Sun, through Java Project X in its Java division, was one of the earliest major Java vendors to support SAX and XML namespaces. This parser was the first to demonstrate that XML could be validated without a significant penalty. It was dozens of times faster than its competitors and offered more XML conformance. History buffs may like to know that its validation was based on some of the SGML/HTML validation code from the HotJava web browser, the original Java-and-the-Web showpiece software package. This XML code ties directly to some of the earliest Java software seen outside of JavaSoft.
Crimson is a version of the Java Project X software, updated to support SAX2, DOM Level 2, and JAXP 1.1 (for which it is the reference implementation). It was submitted to the Apache XML project to help trigger a “best of breed” XML parser.

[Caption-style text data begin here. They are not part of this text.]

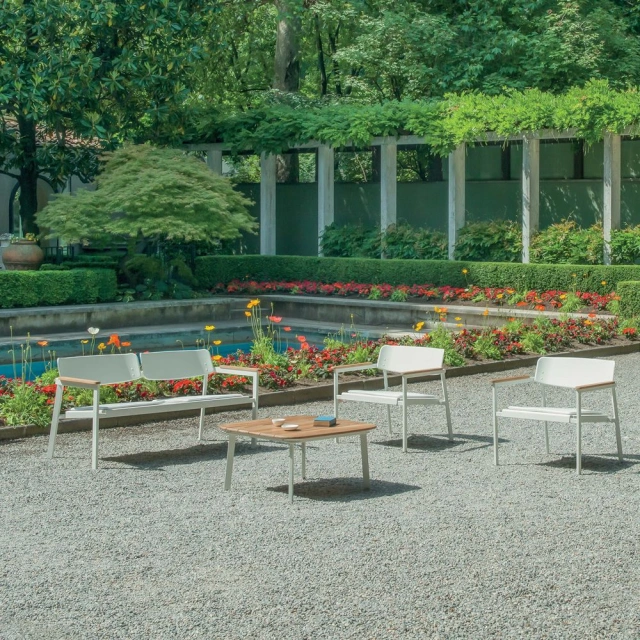 shine-b-table-basse-en-metal-peint-blanc-avec-plateau-en-teck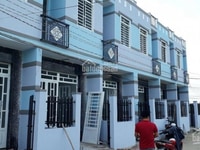 Bán dãy nhà phố ngay chợ Hưng Long Bình Chánh giá 480 triệu/căn Bán dãy nhà phố ngay chợ Hưng Long Bình Chánh giá 480 triệu/căn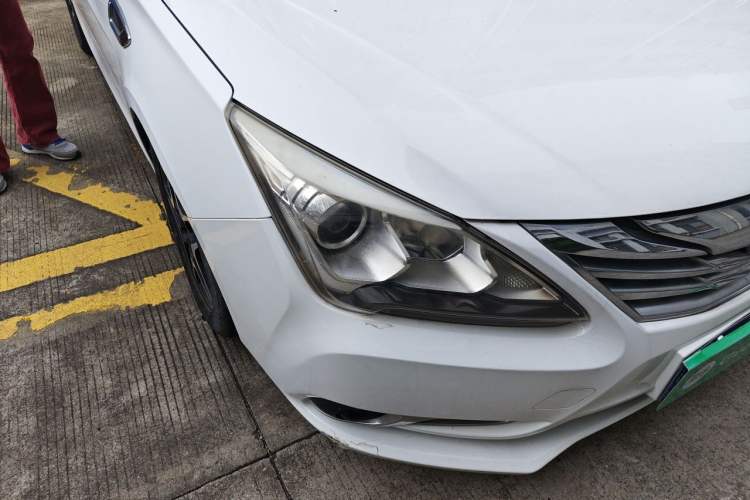 Used BYD G5 2014 1.5TID Automatic Prestige Model Right Front Headlight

Crimson is licensed under the Apache Software License.
The Crimson parser has been incorporated into
Sun’s JDK 1.4 release as its standard XML parser.
It is separately distributed as the reference parser
for JAXP, so most JAXP distributions include it.
This book describes Crimson Version 1.1.3
(matching JDK 1.4), dated October 2001,
crimson.jar files that need installation.
See http://java.sun.com/xml/ for information about this distribution.
Xerces is a family of XML parsers in the Apache XML project; in this book, we refer only to the Java version, not the C/C++ version. It has evolved from the second generation of IBM’s XML for Java (XML4J) parser, and much of its development and maintenance is still handled by IBM. It is relatively large, and is monolithic rather than modular. It also supports many nonstandard extensions. For example, validation against W3C’s XML schemas is part of the parser, rather than a layered feature.
Xerces v2 is a third-generation project. Goals of that project include a more maintainable and modular design. It includes an internal XML event pipeline model, which is strikingly similar to that used in Ælfred to layer validation and DOM support, except that it doesn’t use SAX2 to represent the XML Infoset data.
Xerces is licensed under the Apache Software License.
This book describes Xerces Version 1.4.3, dated August 2001,
which includes a
xerces.jar file that needs installation.